Leaders within Colleton County have decided to add an additional School Resource Officer to the county’s existing program, with the focus of the new officer being the district’s elementary schools.

Colleton County School District now has six SRO’s working full-time for the current school year.

Last year, there were five SRO’s assigned to schools throughout the district.

The additional SRO has been assigned to help cover the district’s elementary schools, as there are six elementary schools throughout Colleton County.

The SRO program is managed through the Colleton County Sheriff’s Office. Funding for the officers, including their salaries and training, are jointly paid for through the school district’s fiscal year funds and through the sheriff’s office and its fiscal year funding.

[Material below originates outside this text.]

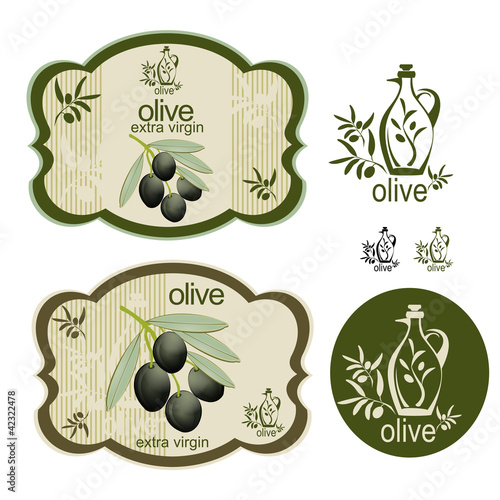 Vettoriale: Vintage black olive label set Vintage black olive label set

The sheriff’s office receives its funding as part of the Colleton County Council’s allocation of funds and its annual budgeting process.

According to Sgt. Ricky Valentine, there were two law enforcement officers assigned to Colleton County High School in the 2017-2018 school year. There were also two SRO’s assigned to Colleton County Middle School, with an additional SRO labeled as a “floater.” Valentine is the supervisor of the district’s SRO program.

According to him, the previously labeled “floater SRO” was based at the high school, said Valentine.

“The recommendation was made last year to relocate that floater SRO into an elementary school. On top of that, the school district also began looking at our assignments,” he said. “Since Forest Hills Elementary School has the largest student population of any elementary school in the district, we now have that ‘floater’ housed at FHE. The additional new SRO also helps with the elementary schools.”

According to Valentine, the role of an School Resource Officer stays the same no matter the school that they are assigned to. “They are there first, and foremost, as a law enforcement officer,” he said. “Secondly, the officers help get involved with students as a counselor. Children can go through times of need.”

The third responsibility that an SRO focuses on, he said, is law-related education. This includes bullying, stranger safety, drug awareness and substance abuse. “The audience is different based on the age of the students, but the message is the same,” said Valentine.

The SRO’s for the current school year are: Sgt. Ricky Valentine, supervisor for the SRO unit (elementary schools) stationed at Forest Hills; Cpl. James Brown (elementary schools) stationed at Hendersonville; Cpl. Chad Cummings (CCHS); Sgt. Shannon Thomason (CCHS); Cpl. Jimmy Wiggins (CCMS); and Deputy Alysse Janicki (CCMS).

Sgt Valentine and Cpl Brown are stationed at these elementary schools to help with the demographics of responding to the additional elementary schools; Black Street, Bells, Northside and Cottageville.

Janicki is new to the SRO unit; however, she has been a deputy within the sheriff’s office for several years, said Valentine.

“Sheriff Strickland wants to thank and recognize so many people involved in making a very important advancement for the schools here in Colleton County,” said Tony Jones, public information officer for the sheriff’s office.

“With budget approval from the state, as well as a lot of hard work by our county administration, county council and school superintendent, as well as the investment of training and manpower from Sheriff Strickland the Colleton County Sheriff’s office … there will be an additional SRO in our school system this year!”

According to Jones, Strickland believes the SRO program is “very important,” having the “ability to influence and assist the students in Colleton County Schools.”

Strickland says the SRO program gives students additional role models and increase school security.

“Parents can have an increased peace of mind, knowing that it was important to us all to have another SRO in our schools for this year,” said Strickland, in a written statement.

In addition to being certified law enforcement officers, the district’s SRO’s receive additional training on how to deal with children and school staff. This training is through the state Criminal Justice Academy, and also focuses on large safety topics, such as active shooter scenarios.

Valentine encourages parents to contact each school and that assigned SRO, should they have any questions or concerns.